Autre mesure pour alléger les dépenses de compensation: une augmentation du prix du carburant dont la subvention en 2013 représentait 68% du total des dépenses.
Mais, dit-il, «je ne suis pas d’accord pour qu’on augmente les prix des produits alimentaires de base, d’abord parce que la part leur poids dans les dépenses de compensation ne représente que 28% en 2013, d’autre part, pour ne pas courir le risque de toucher à un motif d’explosion sociale. Le meilleur plan économique peut devenir caduc si on ne tient pas compte des réactions sociales», selon lui.
M. Hindaoui a également préconisé une stabilisation de la masse des salaires dans la fonction publique pour 2014, une amélioration de la marge de manœuvre de l’Etat pour augmenter substantiellement ses dépenses d’équipement et un programme d’urgence de lutte contre la pauvreté.
Il a enfin préconisé la mise en place d’une commission nationale de réflexion sur la refonte globale du système de prélèvement obligatoire. «Je ne veux pas qu’on vienne aujourd’hui nous proposer un schéma de réforme fiscale. Ce n’est pas à ce gouvernement de le faire. Toute réforme fiscale est une réforme politique par excellence. Ça doit être le résultat d’un consensus national associant le gouvernement, la société civile, les partis politiques et les syndicats. La réforme fiscale n’est pas l’affaire de technocrates», insiste-t-il.

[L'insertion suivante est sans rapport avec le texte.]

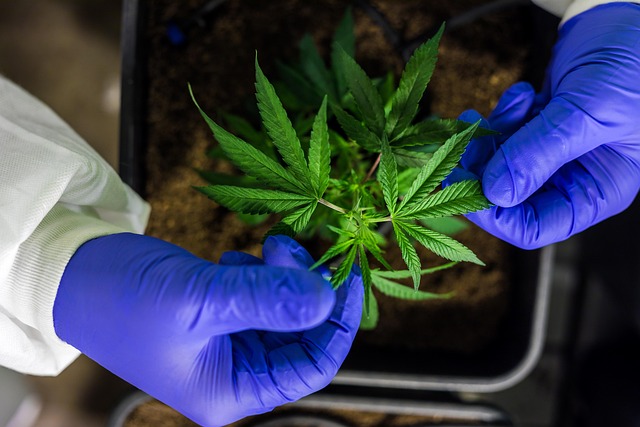 Experience Gluten-Free Relief: Hemp Oil for Chronic Pain & THC-Free Gummies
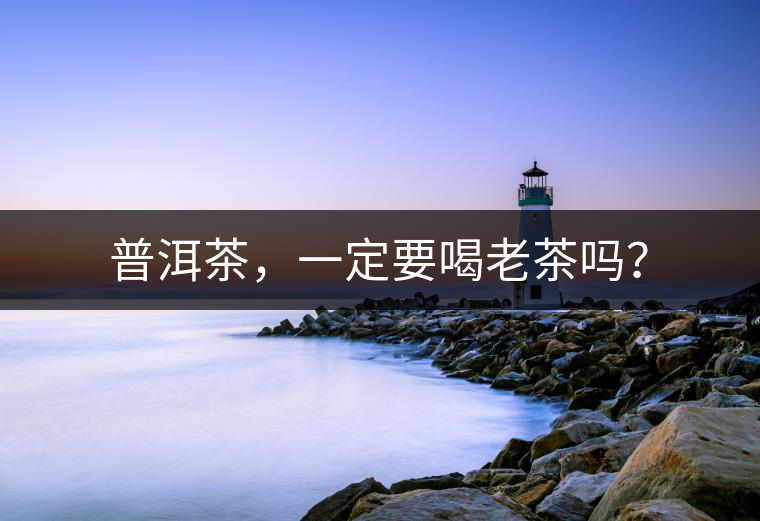 普洱茶，一定要喝老茶嗎？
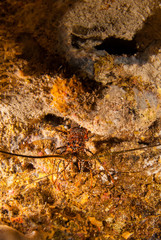 Spotted lobsters in the caribbean live in small holes inside protected areas of the reef like cave structures or overhangs. These creatures are very shy and typically hide away for most of the day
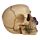 Skull and Bones Totenkopf mit lila Rosen
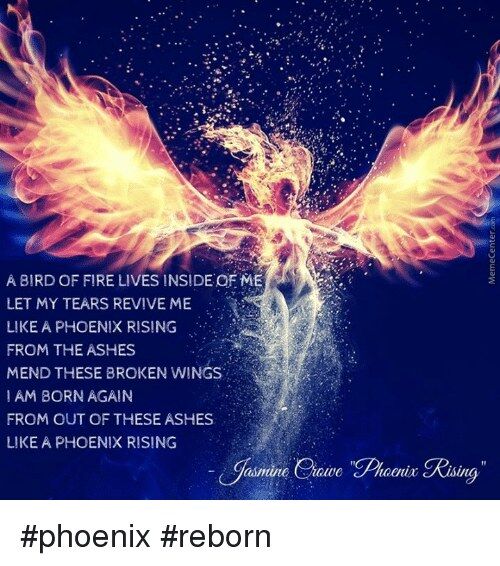 Like A Phoenix Reborn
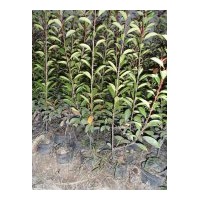 供應(yīng)紅葉石楠獨(dú)桿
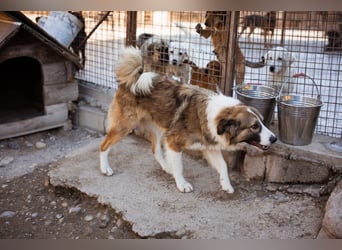 Energiebündel Jonesy - sucht Liebe und Halt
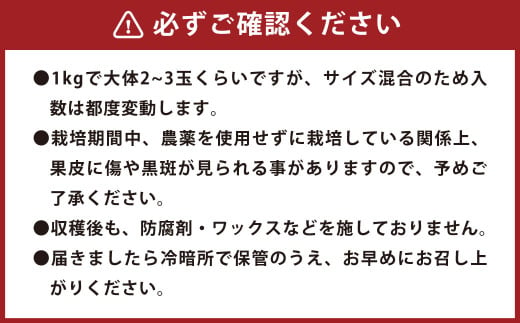 環境マイスターのパール柑 良品・訳あり混合 4kg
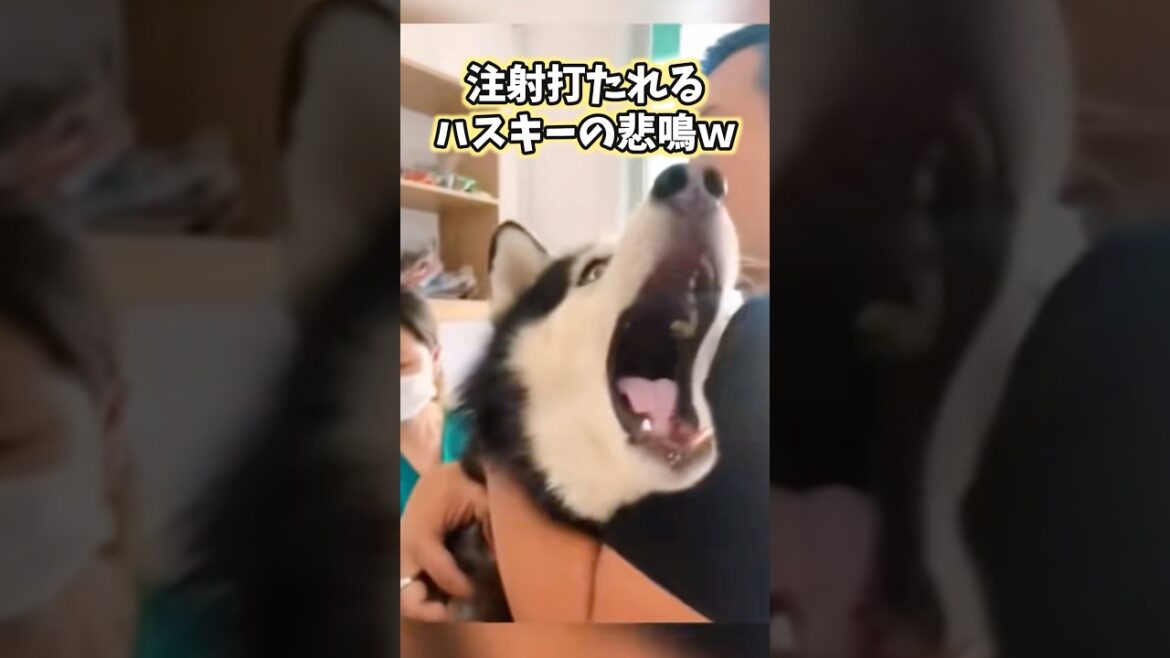 ハスキーの可愛すぎてニヤける動画まとめwww #ハスキー #犬 #犬のいる暮らし #犬のいる生活 #いぬ #可愛い #かわいい #癒し #ペット #動物 #2ch #shorts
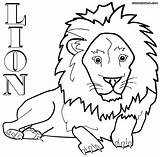 Coloring Lion Pages Preschoolers Print sketch template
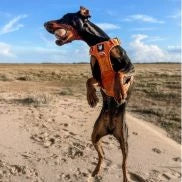 fenrir canine leaders collars and harnesses collection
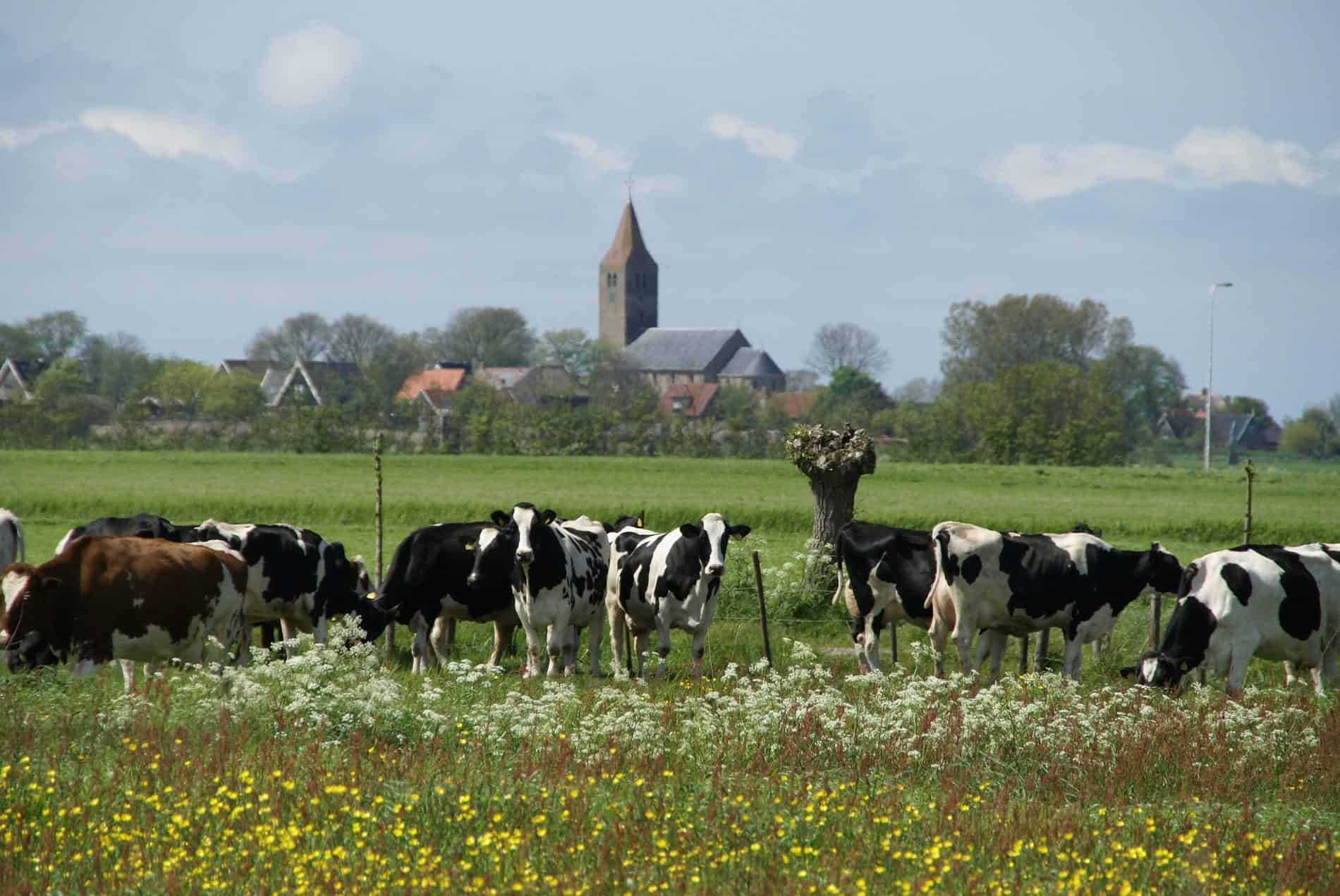 Steeds meer boerenpakketten met kerst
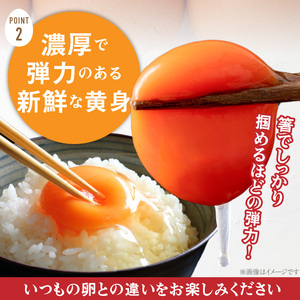 【3ヶ月定期便】【山ちゃん家の生みたて葉酸たまご】名古屋コーチン卵（30個入り）［132Y01-T］
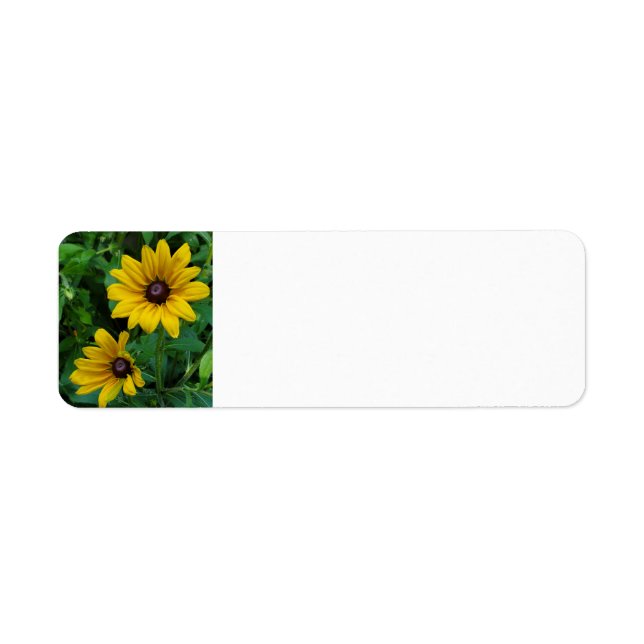 Black-Eyed Susans Return Address Label (Front)
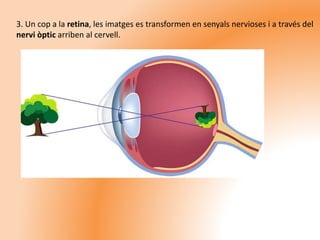 3. Un cop a la retina, les imatges es transformen en senyals nervioses i a través del
nervi òptic arriben al cervell.
 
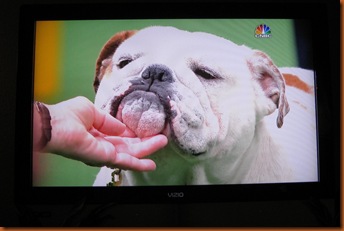 missbulldog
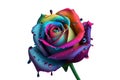 blooming rainbow rose with water drops isolated on white background. Royalty Free Stock Photo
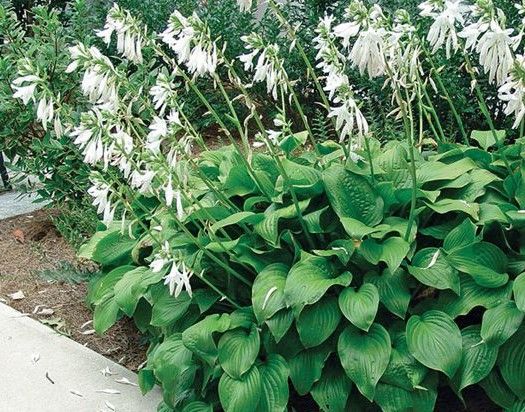 Green hosta plants with white flowers beside a garden path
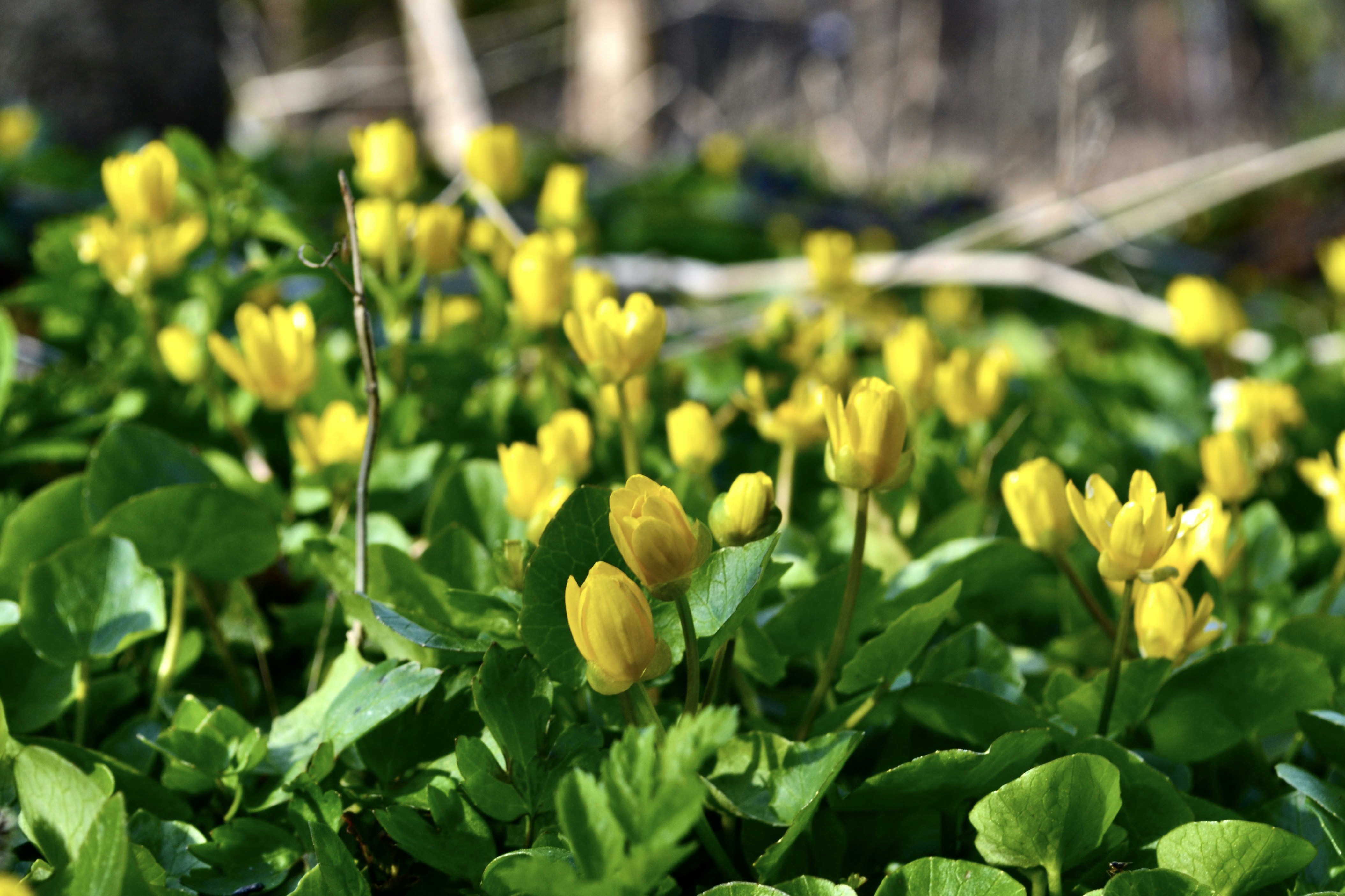 a group of yellow flowers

Durant le débat et en réponse à une question sur la nécessité de former des groupes de réflexion, une sorte de Think Tank réunissant divers experts (économistes, géopoliticiens, universitaires….) pour réfléchir, diagnostiquer et concevoir un ‘modèle tunisien’ de développement, M. Hindaoui a estimé qu’il fallait en effet «se constituer en petits groupes de réflexion pour sortir avec des livres blancs sur la base desquels les politiques peuvent prendre les décisions, en fonction des priorités».